We have more follow up. This is from a former Three Page Challenger. Craig, do you want to read to us what Mitchell from Toronto wrote?

**Craig:** Mitchell from Toronto writes, “My script, ATOM,” it’s all in capital, so I don’t know if it’s Atom or ATOM. What do you think, John? Probably Atom.

**John:** I think it’s Atom.

**Craig:** Atom. “My script, ATOM,” it could be A to M, “was read by Jeff Probst as part of your Three Page Challenge way back on Episode 269. You both seemed to enjoy the pages and were fairly complimentary of the writing. Craig compared it to Wall-E. I’ve since endured years of teasing and ridicule from former classmates, friends, and strangers. People yes, ‘That’s the Wall-E guy.’ Or, ‘Nice pages, Pixar,’ and it hurts my feelings.’

“But in all seriousness, having the pages read on the show was quite a boost. It was a tremendous surge of motivation. At the beginning it’s so hard to know if you’re doing things well, or if you’re just producing utter crap. So I rode that high and finished a draft that got me some attention. I flew down to LA for a week of generals and the experience was amazing. Telling the security guard on the Sony lot that I’m not with the tour and that I actually have a meeting was a surreal experience.

“I ended up meeting a young, hungry manager and whom I’m still working with today. And I can happily announce that the script has recently been optioned by a producer that I’m also very excited to work with. It’s been a long journey and admittedly I’ve spent more time on this script than maybe I should have. But appearing on Scriptnotes and hearing your feedback really gave me the courage to pursue screenwriting with confidence. So a big Canadian thank you for that.

“Also, if there’s time a good friend of mine who listens to your every episode on his daily drive is going to lovingly hate the following. Hi Aaron.”

We’re now doing shout-outs like Morning Zoo.

**John:** Absolutely. The call for your special dedication line. Mitchell, I’m happy for you. I’m happy that you finished that script. I’m happy that the feedback which was hopefully constructive sort of got you finished through this. It sounds like you’re doing the right things. You are continuing to write. You came down here for generals.
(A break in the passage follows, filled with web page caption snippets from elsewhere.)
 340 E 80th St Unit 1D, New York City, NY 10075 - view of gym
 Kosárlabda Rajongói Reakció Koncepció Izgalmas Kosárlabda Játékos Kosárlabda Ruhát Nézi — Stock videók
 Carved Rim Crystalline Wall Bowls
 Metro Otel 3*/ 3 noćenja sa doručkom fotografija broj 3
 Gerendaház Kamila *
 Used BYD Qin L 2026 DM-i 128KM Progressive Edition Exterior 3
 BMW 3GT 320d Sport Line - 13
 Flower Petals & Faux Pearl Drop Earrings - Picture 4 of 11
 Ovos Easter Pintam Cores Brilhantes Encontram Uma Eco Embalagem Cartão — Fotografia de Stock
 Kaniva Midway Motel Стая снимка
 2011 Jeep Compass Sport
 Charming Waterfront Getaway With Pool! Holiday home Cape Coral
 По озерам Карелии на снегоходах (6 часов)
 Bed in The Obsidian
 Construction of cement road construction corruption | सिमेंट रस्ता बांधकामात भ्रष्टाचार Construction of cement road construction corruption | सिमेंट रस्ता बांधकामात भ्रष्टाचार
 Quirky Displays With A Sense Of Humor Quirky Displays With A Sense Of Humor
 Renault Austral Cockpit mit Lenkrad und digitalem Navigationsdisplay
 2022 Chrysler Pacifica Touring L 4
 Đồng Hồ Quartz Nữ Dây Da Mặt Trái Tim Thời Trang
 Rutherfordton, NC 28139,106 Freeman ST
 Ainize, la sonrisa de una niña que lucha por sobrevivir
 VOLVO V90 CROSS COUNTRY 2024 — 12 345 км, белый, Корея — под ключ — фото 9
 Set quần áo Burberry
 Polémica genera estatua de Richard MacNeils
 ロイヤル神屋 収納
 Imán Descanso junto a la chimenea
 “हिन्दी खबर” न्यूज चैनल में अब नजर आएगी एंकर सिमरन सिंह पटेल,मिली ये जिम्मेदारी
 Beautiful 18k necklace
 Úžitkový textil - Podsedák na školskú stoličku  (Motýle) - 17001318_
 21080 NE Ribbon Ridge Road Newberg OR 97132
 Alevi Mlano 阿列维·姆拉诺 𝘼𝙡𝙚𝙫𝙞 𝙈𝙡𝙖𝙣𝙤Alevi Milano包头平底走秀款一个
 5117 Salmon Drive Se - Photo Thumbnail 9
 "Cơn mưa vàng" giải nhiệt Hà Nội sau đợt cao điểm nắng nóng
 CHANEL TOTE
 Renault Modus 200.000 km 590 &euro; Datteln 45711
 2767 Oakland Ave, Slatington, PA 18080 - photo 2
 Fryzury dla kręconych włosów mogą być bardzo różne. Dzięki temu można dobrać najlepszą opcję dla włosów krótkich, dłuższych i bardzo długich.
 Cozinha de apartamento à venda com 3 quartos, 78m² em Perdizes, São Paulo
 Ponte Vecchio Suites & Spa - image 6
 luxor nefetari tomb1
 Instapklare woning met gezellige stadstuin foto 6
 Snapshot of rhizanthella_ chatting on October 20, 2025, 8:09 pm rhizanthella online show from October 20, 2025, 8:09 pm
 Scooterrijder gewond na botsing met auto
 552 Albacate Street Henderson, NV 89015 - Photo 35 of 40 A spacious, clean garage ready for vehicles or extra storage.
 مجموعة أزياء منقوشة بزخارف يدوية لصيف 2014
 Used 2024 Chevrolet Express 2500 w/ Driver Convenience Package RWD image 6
Obviously you had generals scheduled before you got on a plane and came to Los Angeles. You met a manager who you like, who seems to have the same energy you do. And you’ve got this option. So, I hope things continue to go well for you, Mitchell.

**Craig:** I do, too. I’m really glad, first of all, that you wrote in because it’s nice for us to hear these things. It makes us feel good, too. Because this is what we want. It’s why we’re doing all this stuff. Because as you know one of us doesn’t get paid. [laughs] So at least that’s why I do it.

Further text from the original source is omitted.